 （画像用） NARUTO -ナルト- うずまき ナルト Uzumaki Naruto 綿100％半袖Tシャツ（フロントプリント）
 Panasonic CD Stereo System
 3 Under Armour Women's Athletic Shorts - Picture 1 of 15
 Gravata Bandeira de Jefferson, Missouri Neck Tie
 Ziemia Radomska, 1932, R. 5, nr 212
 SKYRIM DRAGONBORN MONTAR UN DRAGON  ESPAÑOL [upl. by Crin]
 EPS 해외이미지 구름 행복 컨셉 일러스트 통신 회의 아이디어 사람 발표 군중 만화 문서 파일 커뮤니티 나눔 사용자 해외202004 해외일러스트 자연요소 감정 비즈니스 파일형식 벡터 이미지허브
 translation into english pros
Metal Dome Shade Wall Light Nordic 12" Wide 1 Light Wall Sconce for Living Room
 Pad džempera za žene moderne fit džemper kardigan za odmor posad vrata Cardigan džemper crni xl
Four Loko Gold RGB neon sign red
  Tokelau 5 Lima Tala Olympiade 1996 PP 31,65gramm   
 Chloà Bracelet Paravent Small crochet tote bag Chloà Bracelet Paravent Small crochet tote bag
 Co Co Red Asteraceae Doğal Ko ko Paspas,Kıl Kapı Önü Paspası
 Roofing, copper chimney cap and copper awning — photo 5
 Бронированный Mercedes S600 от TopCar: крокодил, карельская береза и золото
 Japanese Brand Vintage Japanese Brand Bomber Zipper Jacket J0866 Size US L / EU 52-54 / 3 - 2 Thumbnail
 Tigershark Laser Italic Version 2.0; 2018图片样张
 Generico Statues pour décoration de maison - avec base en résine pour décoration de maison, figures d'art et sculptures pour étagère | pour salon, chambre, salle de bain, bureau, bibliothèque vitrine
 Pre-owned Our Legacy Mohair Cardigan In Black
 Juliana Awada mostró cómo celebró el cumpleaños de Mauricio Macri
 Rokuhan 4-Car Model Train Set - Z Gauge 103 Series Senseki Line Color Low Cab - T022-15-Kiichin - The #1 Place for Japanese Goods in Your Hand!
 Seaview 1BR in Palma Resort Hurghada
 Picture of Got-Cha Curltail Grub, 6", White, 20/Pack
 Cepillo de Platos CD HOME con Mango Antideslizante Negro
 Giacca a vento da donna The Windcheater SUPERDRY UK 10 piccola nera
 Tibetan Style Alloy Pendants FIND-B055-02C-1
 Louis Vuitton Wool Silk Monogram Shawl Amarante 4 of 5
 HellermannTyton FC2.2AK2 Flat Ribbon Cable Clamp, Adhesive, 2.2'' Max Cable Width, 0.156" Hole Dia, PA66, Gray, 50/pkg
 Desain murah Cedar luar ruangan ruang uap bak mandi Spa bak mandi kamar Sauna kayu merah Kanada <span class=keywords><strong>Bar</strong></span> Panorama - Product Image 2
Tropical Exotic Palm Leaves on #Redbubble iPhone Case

● **What the exercise asks**
Check each line of the listing above for the string "Japanese" and return those that contain it.

● **Solution to this exercise**
 Japanese Brand Vintage Japanese Brand Bomber Zipper Jacket J0866 Size US L / EU 52-54 / 3 - 2 Thumbnail
 Rokuhan 4-Car Model Train Set - Z Gauge 103 Series Senseki Line Color Low Cab - T022-15-Kiichin - The #1 Place for Japanese Goods in Your Hand!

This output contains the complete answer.